Breaking up creates stress and mess. Even the best reasons and calm decisions leave us feeling let down.

It's been over 20 years since the divorce from my ex husband became final. I know I made the right choice and yet I still feel some regret.

Once in a while I look up his name to see if there are any web pages where I can see what he might be doing with himself. I noticed a LinkedIn account. I avoided visiting it as I wanted my spying to be anonymous. I knew it would let him know that I'd viewed his profile. I didn't want to intrude.

Curiosity got the better of me and I clicked on the link. The gray haired bearded man who stared back took me by surprise. How could he age so starkly? Any second now, I expected a voice to boom from my speakers, "You kids get off my lawn!"

Yes, I'm going to be 51 years old in a couple of weeks. Old enough to be a grandmother. He's old enough to be a grandfather. I knew this, but didn't "feel" it until I saw his picture.

After a few days, another kind of curiosity took me to look at my eldest sister's Facebook profile. I wanted to see what she had to say about the death of our mother.

I unfriended her last summer, but she still posted all her posts so anyone can see them. I saw a photo of my mother that my other sister had posted on her Facebook page. I didn't even know that sister used Facebook.

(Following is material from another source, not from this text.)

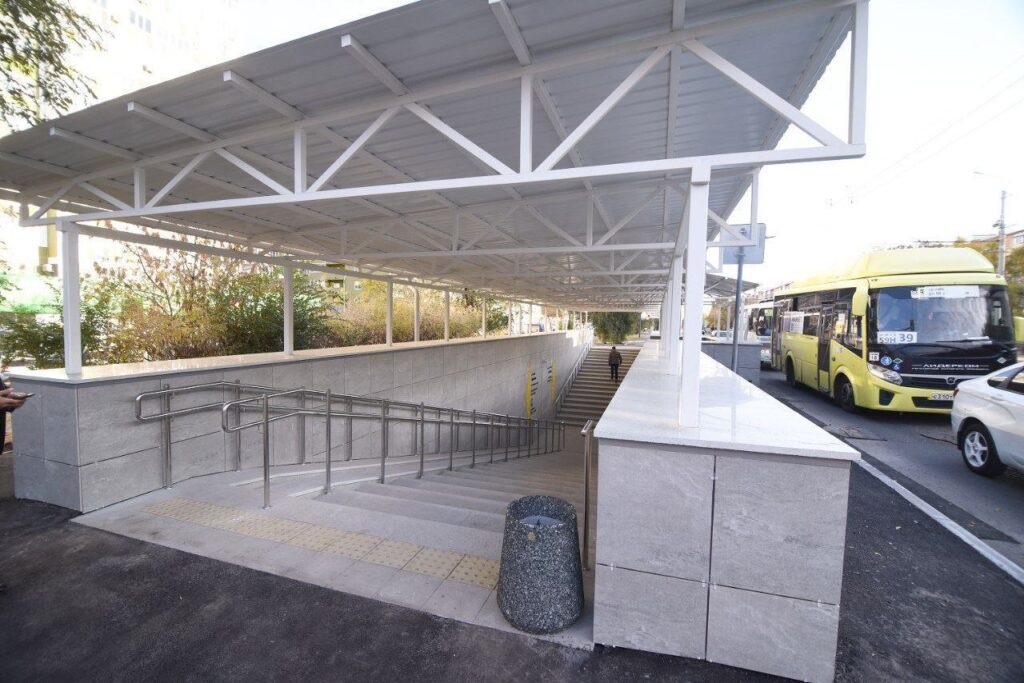     В Оренбурге после капремонта открылся подземный переход на Пролетарской Оренбуржье
📷    В Оренбурге после капремонта открылся подземный переход на Пролетарской Оренбуржье
📷    В Оренбурге после капремонта открылся подземный переход на Пролетарской Оренбуржье
📷    В Оренбурге после капремонта открылся подземный переход на Пролетарской Оренбуржье
📷    В Оренбурге после капремонта открылся подземный переход на Пролетарской Оренбуржье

In the depths of writing my book, I've been thinking a lot about family. It's slow painful work. Plus today is my sister Cokie's birthday. Because she posted the photo of my mother, I also looked at her profile.

She looked happy. Part of me hopes she is, another part feels a deep sense of... what do I call it? Rage? That's the word that first comes to mind.

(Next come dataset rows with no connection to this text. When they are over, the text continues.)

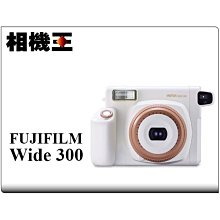 ☆相機王☆Fujifilm Instax Wide 300 Toffee 白色 寬片幅 拍立得 公司貨 (2)
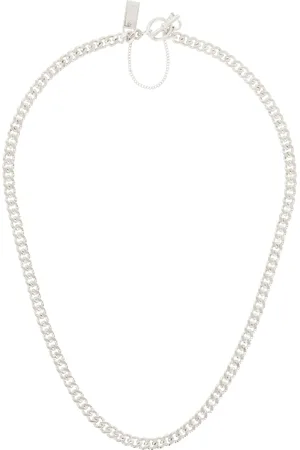 PEARLS BEFORE SWINE Silver XS Link Necklace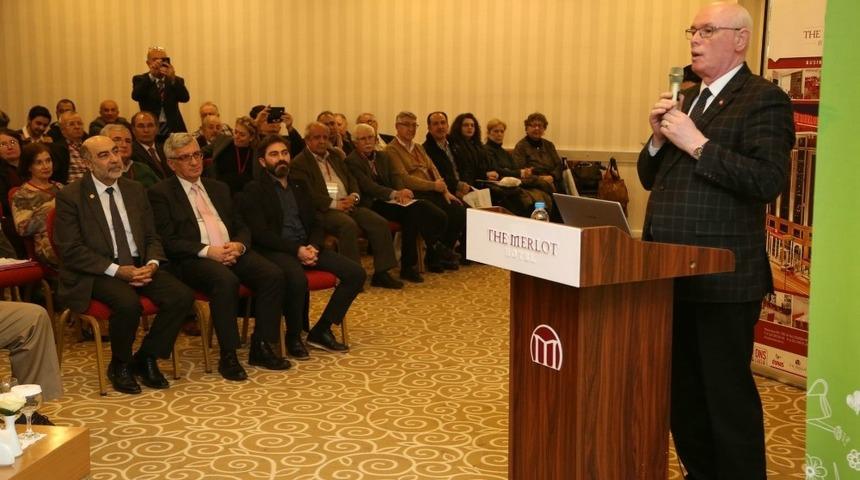 Kazım Kurt: "Alpu&rsquo;da yapılacak termik santral doğru bir yatırım değildir"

I feel justified at being angry, well to some extent. My ex and my sisters all deeply betrayed me. In a sense, they did so in the same kind of letting down. My ex cheated on me and I feel my sisters chose my mother over me.

They all chose someone else, someone I feel not as "good" or "cool" as me. My friend my ex took up with had plenty of emotional problems. And I'm SURE my mother talked about any number of difficult topics.

These are the issues that I once believed caused the rifts between them and me. My ex told friends that it was "okay" for him to sleep with my friend because "my wife is frigid and crazy." My sisters constantly told me to "get over it" whenever I tried to resolve the past.

I do realize that what they say are the issues, often only touch one layer of the truth. Though that understanding often comes much later.

Why would those who use the word "love" decide to act in such disrespectful ways? I often wonder what about me makes me so unlovable. It's not a truth, plenty of people care about me, but I'm deeply confused that it doesn't seem to be those who are supposed to do it.

I keep trying to give up the fantasy of a family connection. It still hurts. I cling to the awareness that my dad loved me. And my amazing husband Murry treats me with amazing dignity and respect.

I'm trying to make that enough.

Happy Birthday Sister. I hope you are happy and do find peace.